> _ASSIGNMENT_
Make an exact copy of the listing underneath, skipping each picture.

> _MATERIAL FOR THIS TASK_
----

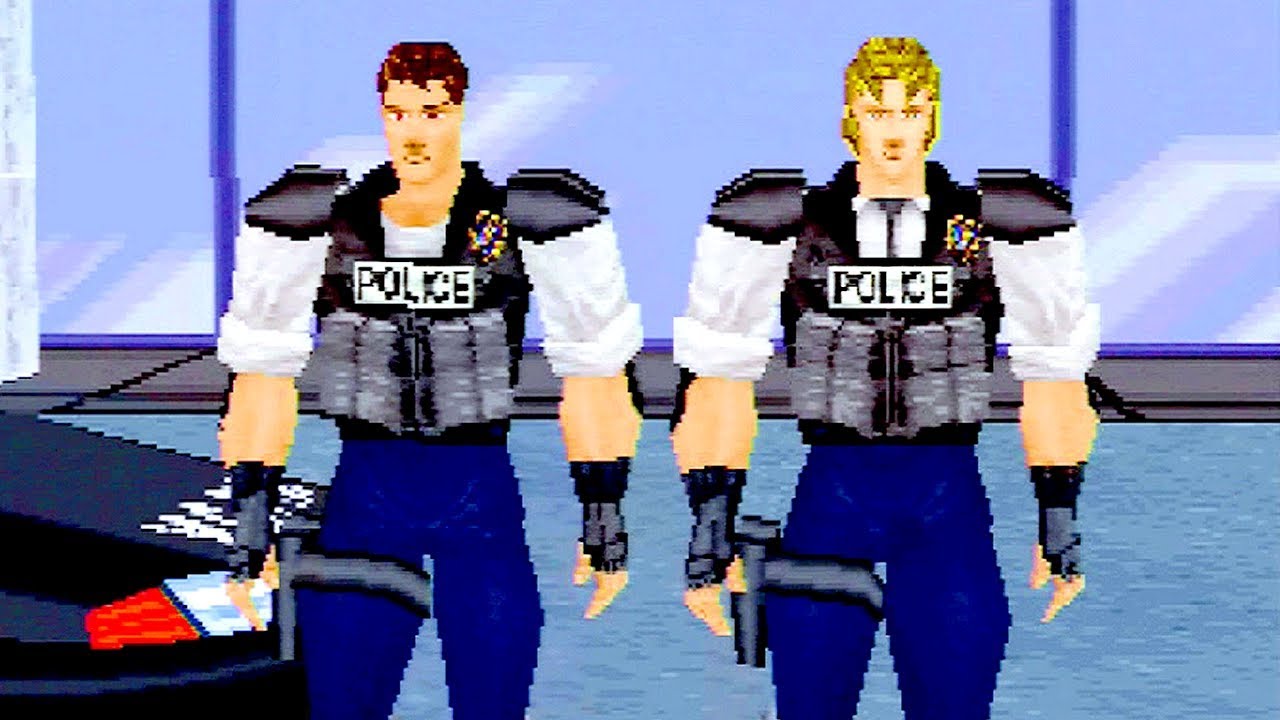 Virtua Cop (1995) FULL 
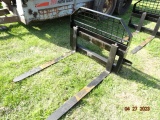 Unused JBX4000 SSL Pallet Forks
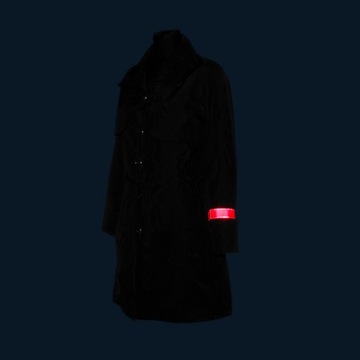 САМОЗЖИМНАЯ СВЕТООТРАЖАЮЩАЯ ЛЕНТА ДЛЯ РУКИ И РУКИ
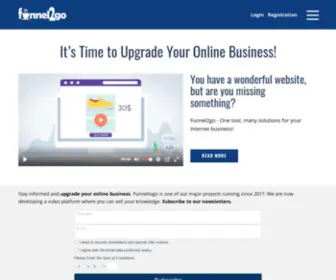 Funneltogo.com(Upgrade your online business) Screenshot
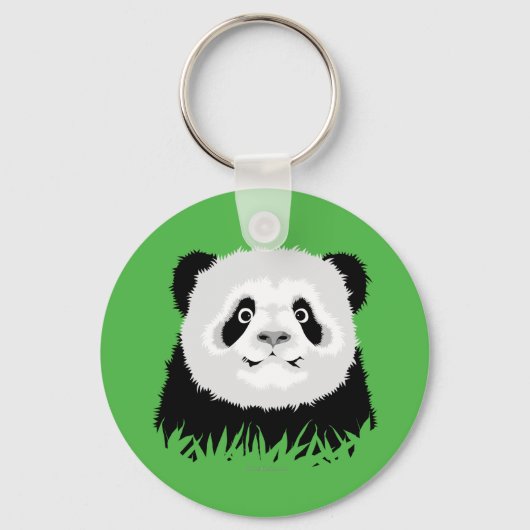 Panda Beer Sleutelhanger (Voorkant)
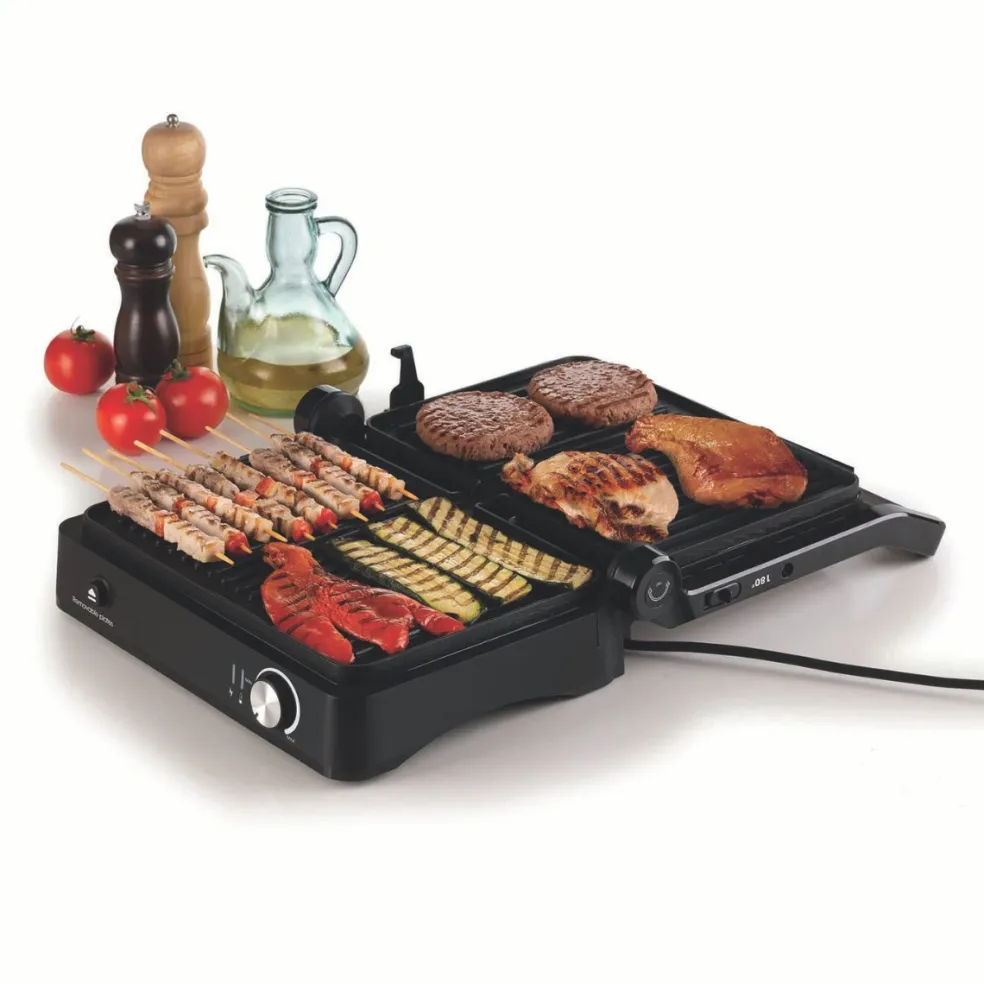 Grill eléctrico Metalgrill 3 en 1 Ariete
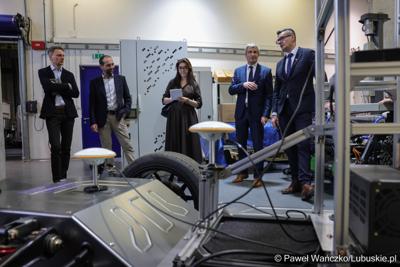 Sebastian Ciemnoczołowski – po raz pierwszy jako marszałek województwa lubuskiego – wizytował Kraj Liberecki, z którym Lubuskie podpisało umowę o współpracy między regionami w 2018 roku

----

> _EXPECTED ANSWER_
 Virtua Cop (1995) FULL 
 Unused JBX4000 SSL Pallet Forks
 САМОЗЖИМНАЯ СВЕТООТРАЖАЮЩАЯ ЛЕНТА ДЛЯ РУКИ И РУКИ
 Funneltogo.com(Upgrade your online business) Screenshot
 Panda Beer Sleutelhanger (Voorkant)
 Grill eléctrico Metalgrill 3 en 1 Ariete
 Sebastian Ciemnoczołowski – po raz pierwszy jako marszałek województwa lubuskiego – wizytował Kraj Liberecki, z którym Lubuskie podpisało umowę o współpracy między regionami w 2018 roku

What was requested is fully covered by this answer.